About this task>
Type out the listing below exactly. Pictures stay out of it.

Collected material>
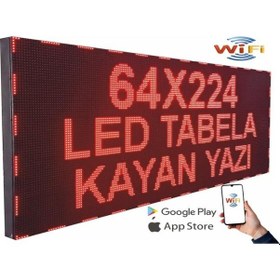 Resim Led Tabela 64x224cm Çift Taraflı Kırmızı Kayan Yazı-wifi 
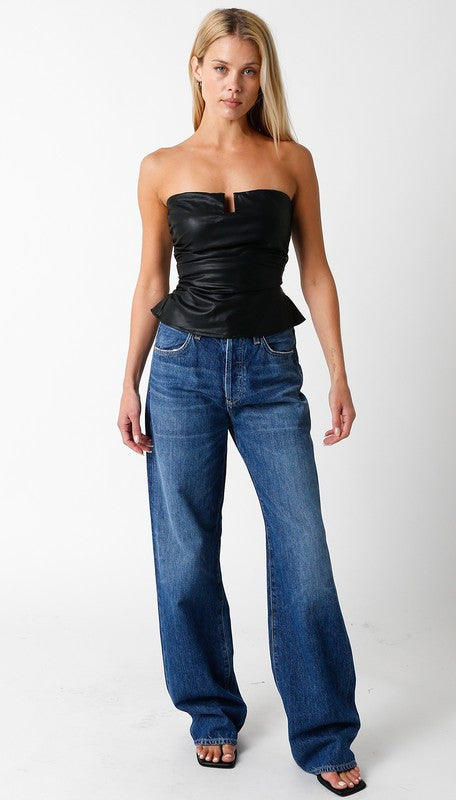 Jettie Strapless Faux Leather Top in Black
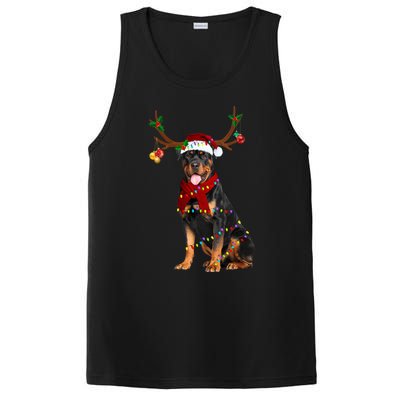 Santa Rottweiler Reindeer Light Christmas Funny Gift PosiCharge Competitor Tank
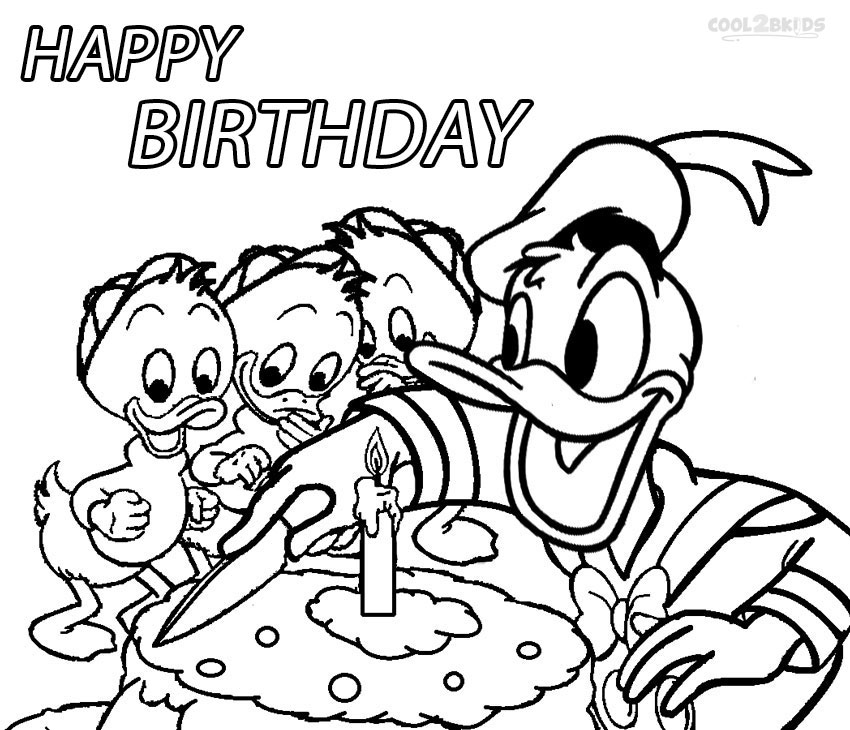 850x730 Donald Duck Birthday Coloring Pages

Exercise solution>
 Resim Led Tabela 64x224cm Çift Taraflı Kırmızı Kayan Yazı-wifi 
 Jettie Strapless Faux Leather Top in Black
 Santa Rottweiler Reindeer Light Christmas Funny Gift PosiCharge Competitor Tank
 850x730 Donald Duck Birthday Coloring Pages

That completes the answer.